1. On "South Asia." It sometimes seems to me that "South Asian literature" is a construct that has more to do with North American university syllabi than it does with the literature itself.

All of the writers are personally connected with India, though they are also physically located in North America, some of the time at least. And most contemporary literature dealing with the Subcontinent –- including recent writing from Pakistan, Bangladesh, Nepal, or Sri Lanka –- is more or less national (rather than transnationally "subcontinental") in frame. Isn't "South Asia" really a geopolitical term rather than one that is culturally specific enough to actually refer to a community of people or a coherent body of literature?

2. The "Arundhati Roy Trap." When in India recently to promote Vikas Swarup's new novel, British publisher Jane Lawson referred to something she called the "Arundhati Roy trap." By which she meant, writing that is intensely lyrical or exotic in its style.
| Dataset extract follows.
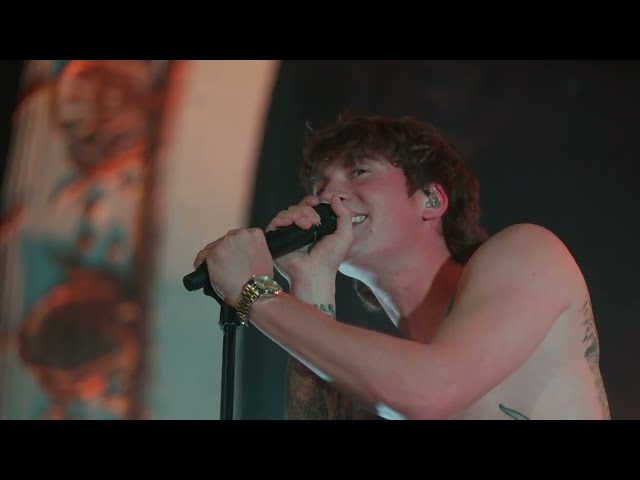 Video zu 'Medusa' ansehen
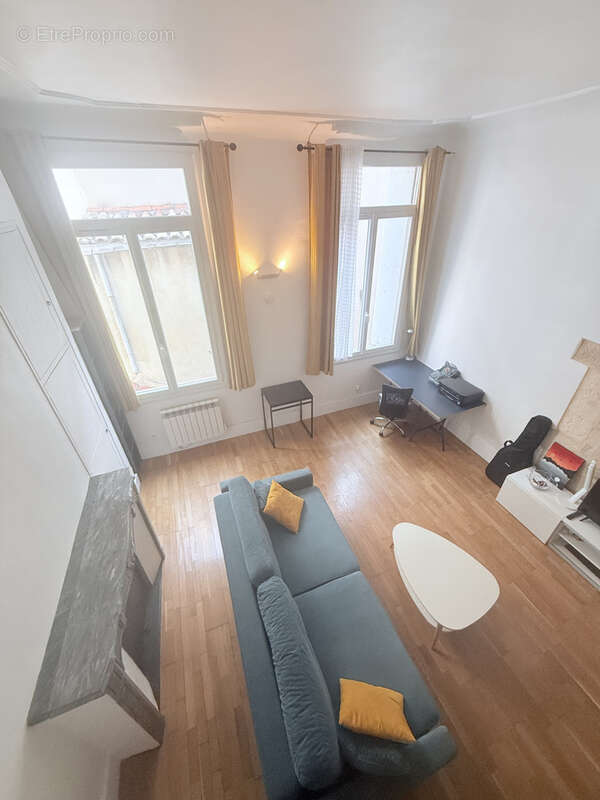 À VENDRE   Charmant studio entièrement rénové avec mezzanine, Place du Marché aux Fleurs à Montpellier - photo 12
Though her comments seem to be pragmatic and commercially-minded rather than critical in the objective sense (she's thinking about what is likely to sell), her dismissal of Roy raises some legitimate questions for writers as well as critics. How does the post-Arundhati Roy generation respond to Jane Lawson? [See this post]

3. Beyond East/West: the place of the Middle East and Africa in the Indian imaginary. For many years, the main point of reference to "outside" for Indian writers was England or North America. Is that changing? Most of the writers involved in this colloquium refer extensively to the Middle East as well as Africa in various ways. Meena Alexander lived in the Sudan, and has memories of Arabic and the desert mixed mixed in her memoirs with the lush vegetation of Kerala. M.G. Vassanji was born and raised in Africa, and all of the books of his that I have read refer to this quite directly (including his most recent novel, The In-Between Adventures of Vikram Lall). The Middle East in particular is also quite important in the transnational networks that define contemporary Bombay in Suketu Mehta's Maximum City. And Dubai and Saudi Arabia are economically and culturally as important as America in defining the crisis facing the Hyderabadi Muslim community in Samina Ali's Madras on Rainy Days.
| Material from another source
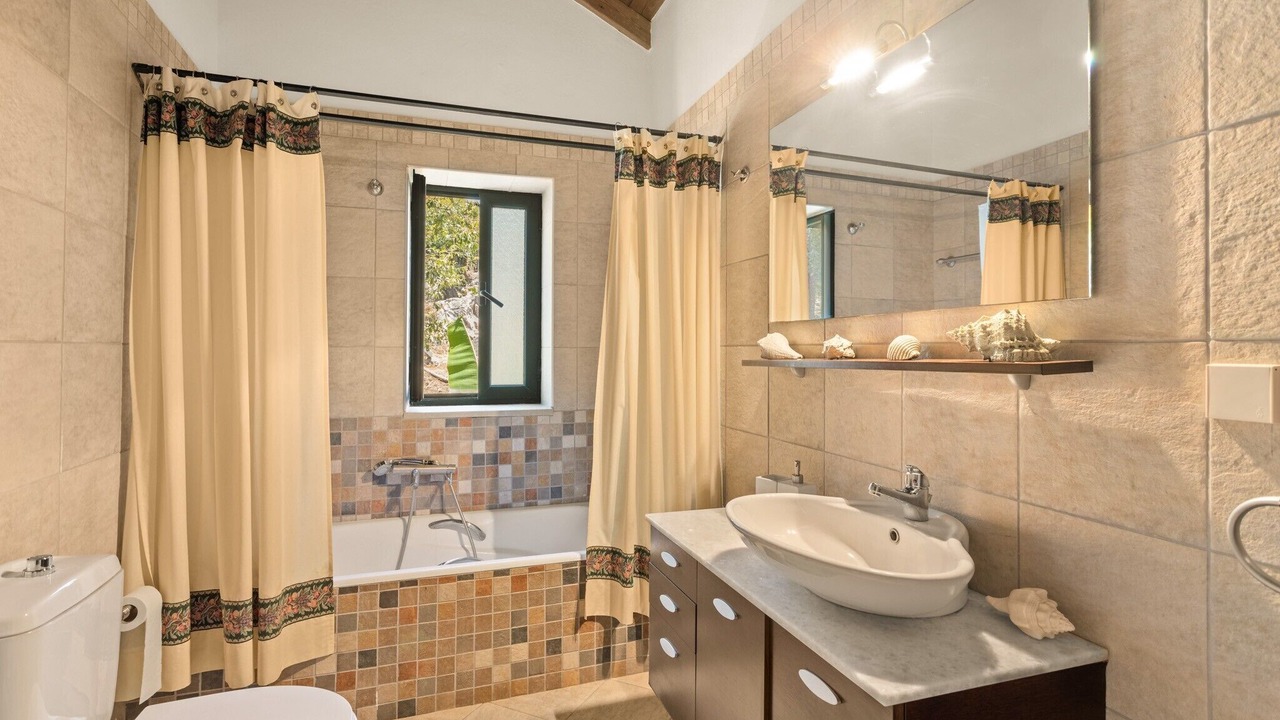Photo of Bathroom in Lefktron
Does the Middle East symbolize something for India besides terrorism? And what about Africa? Are the patterns of interaction between these different parts of the world changing? Is India's image of other parts of the third world changing?

4. On Indian writers in Indian vs. U.S. Publishing Houses. Recently book critic Nilanjana Roy commented in the Indian magazine The Business Standard that "The general standard [for books published by Indian writers] is still low; it’s still a struggle every year to recommend great fiction that can stand beside the best of Saramago, Pamuk, Murakami, McEwan, Roth and company; some of what gets published is incredibly dreary, incredibly mediocre." She acknowledges that some very good books are being written every year by Indians (at home and abroad), but she feels that much of the Indian writing published in the west (including that written by people physically located in India) is overhyped, padded by the waves of publicity associated with the western publishing industry. She says that much of this writing is "endorsed by the Western world, stamped with the approval of publishing houses we should be able to trust, foreign editors whose names are legendary, authors who are living shrines."
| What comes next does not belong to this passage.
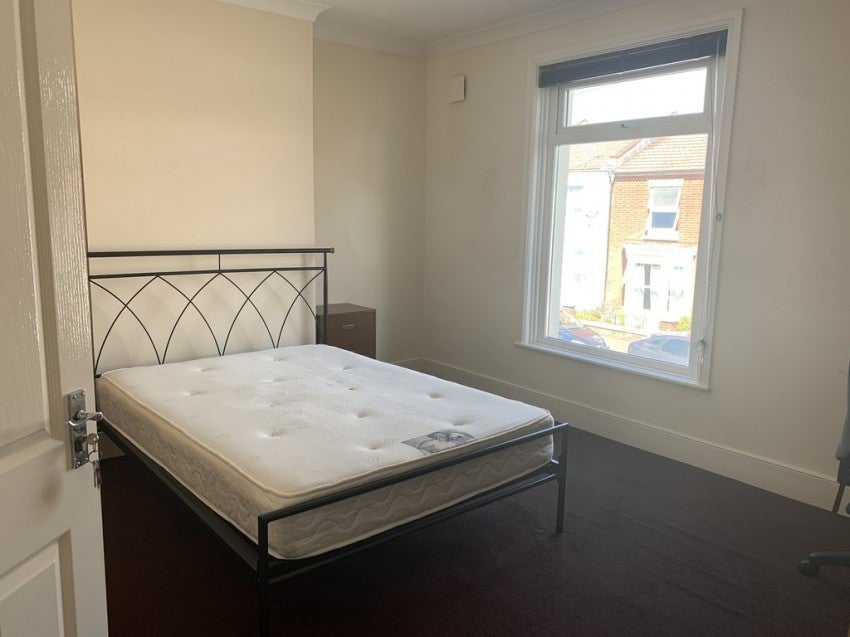 Flat Dover Street in Southampton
In a sense this is an authenticity question, but it is also not. Roy is also pointing the finger at the seeming endorsement of writers located in India whose work is marketed for foreign readers. She singles out Rupa Bajwa's The Sari Shop as an example. In a sense, the problem of authenticity for her is one of marketing and subject matter, not the writer's location. Do you think this is a legitimate distinction? How important is publishing when we think about the situatedness of South Asian literature?

The basic question is: How do you compare the Indian English-language publishing industry with the segment of the American book world dedicated to books by Indian authors?

Note: Nilanjana Roy's articles on Indian literature can be read online: here and here. She also has a blog, Akhond of Swat.

5. Creative Non-fiction. Is there a trend towards creative non-fiction? In recent months we've seen prominent books and essays by people Amitava Kumar, Suketu Mehta, Arundhati Roy, and Amitav Ghosh. Some of them are best known as fiction writers, but all have used the creative non-fiction format to make powerful political critiques, even as they write with a decidedly "literary" sensibility. What is the role of creative non-fiction in Indian (or "South Asian") literature?


Most of these are questions I've raised on this blog over the past few months (see, this blog is useful after all...)

Question (1) came up just yesterday, in thinking about the PEN World Voices festival in New York. Question 2 I talked about here. I responded to Question (4) a couple of months ago. I now think my answer was a little too hostile; also, Nilanjana's follow-up column published in The Business Standard cleared up many of my concerns.

Any thoughts on any of the questions?

9 Comments:

Rob said...

Not so much a "thought," but I think Q3 is an incredibly interesting and potentially highly-productive one.

1:22 PM  
Quizman said...

At the risk of sounded stupid - not being lit person and all - I would say that the influence of Naipaul and Rushdie are more viable on the Indian writer's psyche than Roy. There is much of Naipaul in Mehta and Mishra (the latter is of course, a far-left version of VSN)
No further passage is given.